Accessing Items — Same as List


    person = ("Gagan", 22, "Delhi")

    print(person[0])     # Gagan
    print(person[1])     # 22
    print(person[-1])    # Delhi — negative indexing works too

Slicing works too:


    days = ("Mon", "Tue", "Wed", "Thu", "Fri", "Sat", "Sun")

    print(days[0:5])     # ('Mon', 'Tue', 'Wed', 'Thu', 'Fri')
    print(days[-2:])     # ('Sat', 'Sun')


Tuples are Immutable — Cannot Change


    colors = ("red", "green", "blue")

    colors[0] = "yellow"    # ERROR! TypeError: tuple does not support item assignment

Once a tuple is created, its values are locked. No adding, removing, or changing.


Why Use Tuple If You Can't Change It?

Great question. Here's why tuples exist:

1. Safety — When data should never change, use a tuple. Like days of the week, months of the year, coordinates of a fixed location.
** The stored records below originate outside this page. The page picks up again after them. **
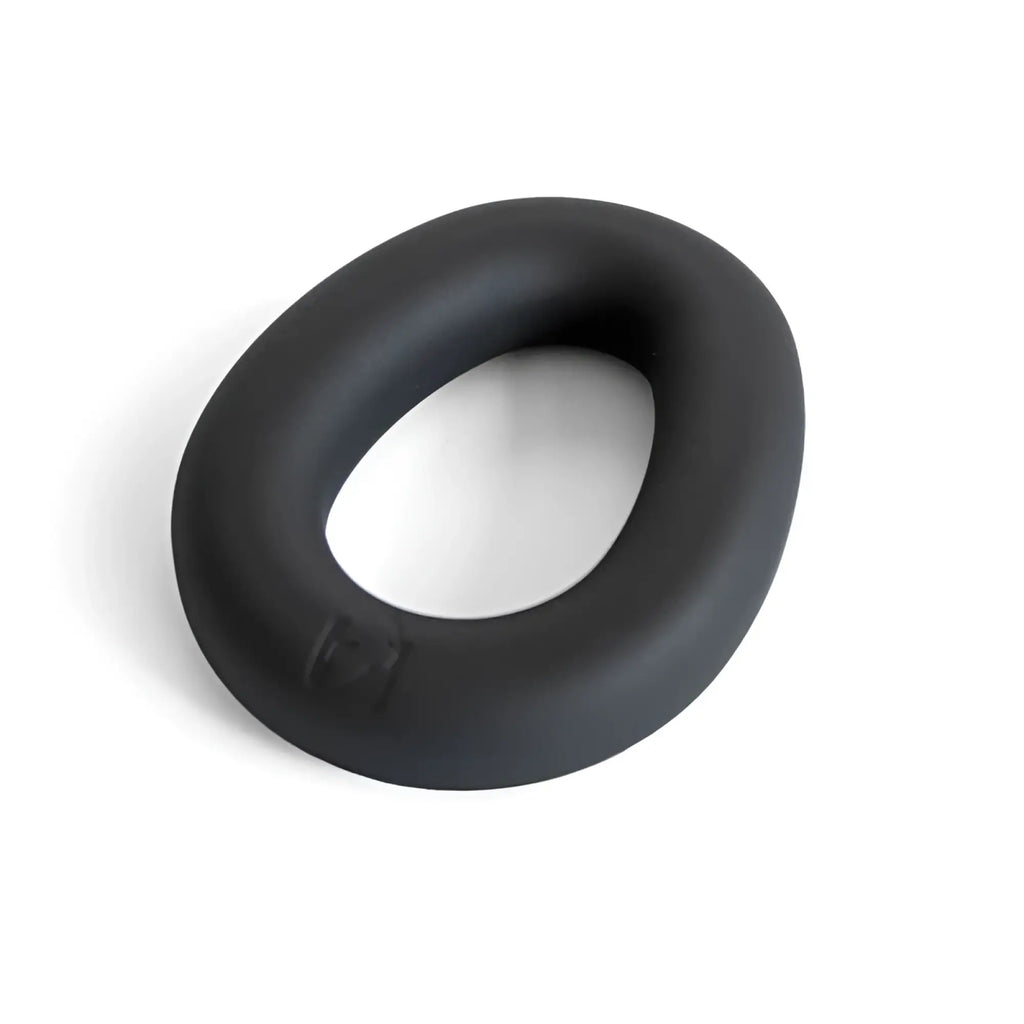 Black hypersoft silicone ergo cockring by brutus with a smooth matte finish and slightly irregular oval shape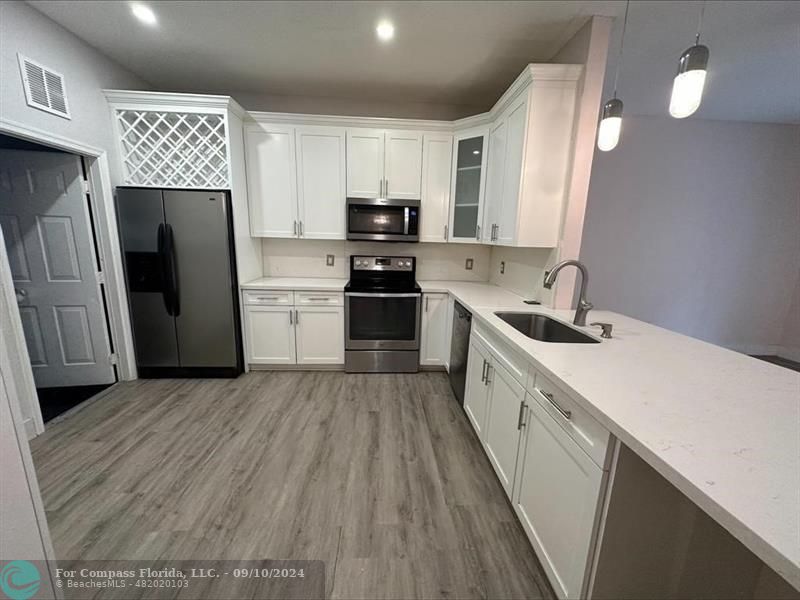 a kitchen with a sink a refrigerator a stove top oven and cabinets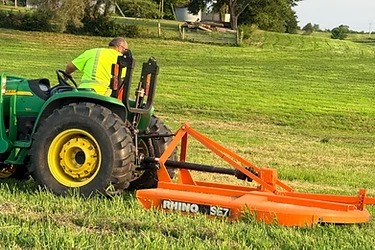 Mason brush hogging an overgrown Missouri field with a tractor and rotary cutter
Using a tuple signals to anyone reading your code "this data is not supposed to change."

2. Speed — Tuples are slightly faster than lists because Python knows they won't change.

3. Dictionary keys — Tuples can be used as dictionary keys, lists cannot. (We'll see this soon.)

Real world examples of tuple data:


    months = ("Jan", "Feb", "Mar", "Apr", "May", "Jun",
            "Jul", "Aug", "Sep", "Oct", "Nov", "Dec")

    directions = ("North", "South", "East", "West")

    status_codes = (200, 301, 404, 500)

These values will never change — tuple is perfect.


Tuple Methods

Tuples have only 2 methods (because you can't modify them):


    numbers = (1, 2, 3, 2, 4, 2, 5)

    print(numbers.count(2))      # 3 — how many times 2 appears
    print(numbers.index(4))      # 4 — index of value 4
    print(len(numbers))          # 7 — total items


Tuple Unpacking — Very Useful

You can unpack tuple values directly into variables:


    person = ("Gagan", 22, "Delhi")

    name, age, city = person       # unpacking

    print(name)    # Gagan
    print(age)     # 22
    print(city)    # Delhi

This works with lists too. You've seen a version of this before with enumerate().

Looping Through Tuple


    days = ("Mon", "Tue", "Wed", "Thu", "Fri")

    for day in days:
        print(day)

Exactly same as looping through a list.


Part 2 — Dictionaries

What is a Dictionary?

A list stores items by index number — 0, 1, 2, 3...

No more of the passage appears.